* [Prompt]:
Every word in the data below belongs in your copy, exactly as given; the pictures do not.

* [Given data]:

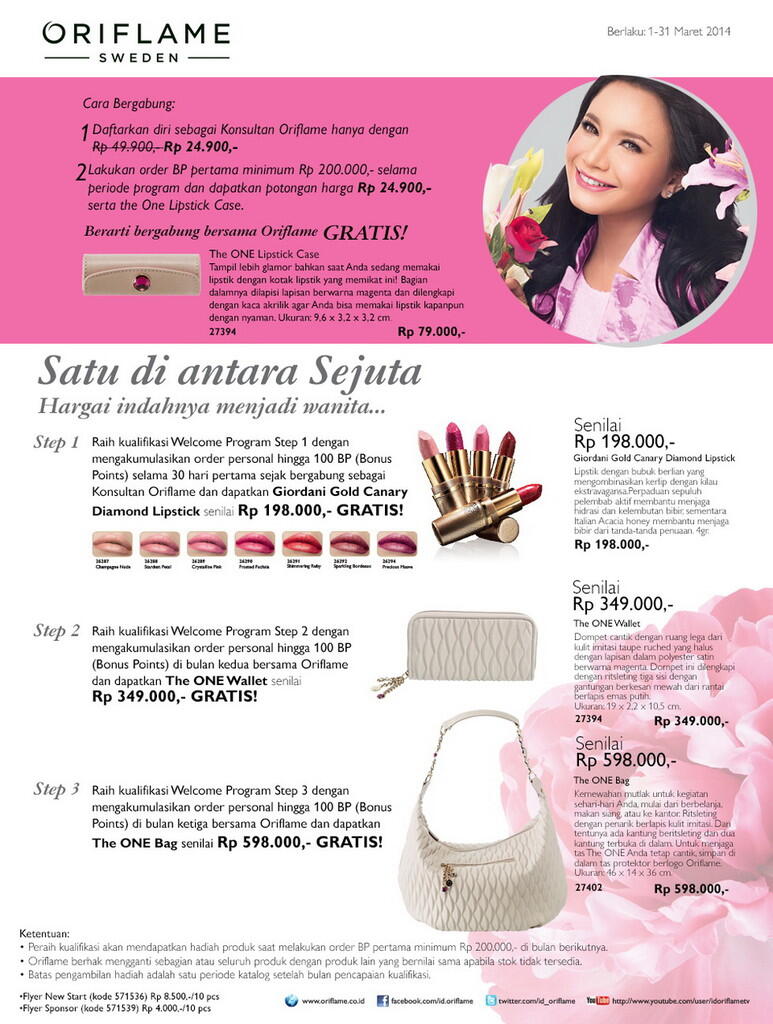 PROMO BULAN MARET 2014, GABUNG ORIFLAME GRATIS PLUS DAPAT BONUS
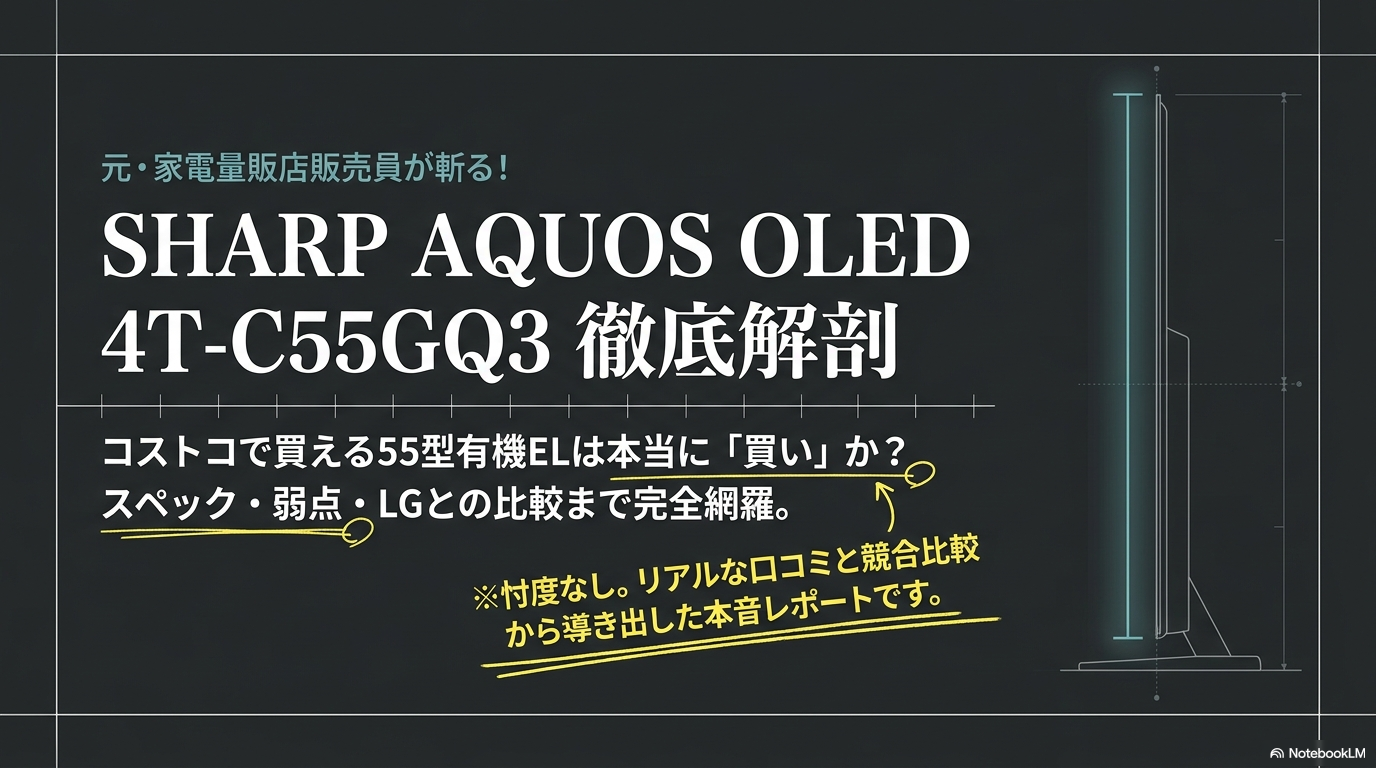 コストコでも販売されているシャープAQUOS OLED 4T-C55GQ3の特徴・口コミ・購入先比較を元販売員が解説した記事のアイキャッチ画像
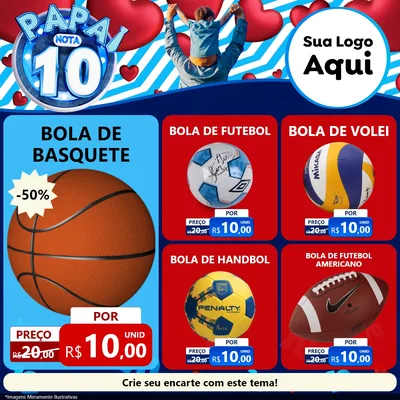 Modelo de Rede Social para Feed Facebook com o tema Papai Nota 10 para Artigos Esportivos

* [Answer box]:
 PROMO BULAN MARET 2014, GABUNG ORIFLAME GRATIS PLUS DAPAT BONUS
 コストコでも販売されているシャープAQUOS OLED 4T-C55GQ3の特徴・口コミ・購入先比較を元販売員が解説した記事のアイキャッチ画像
 Modelo de Rede Social para Feed Facebook com o tema Papai Nota 10 para Artigos Esportivos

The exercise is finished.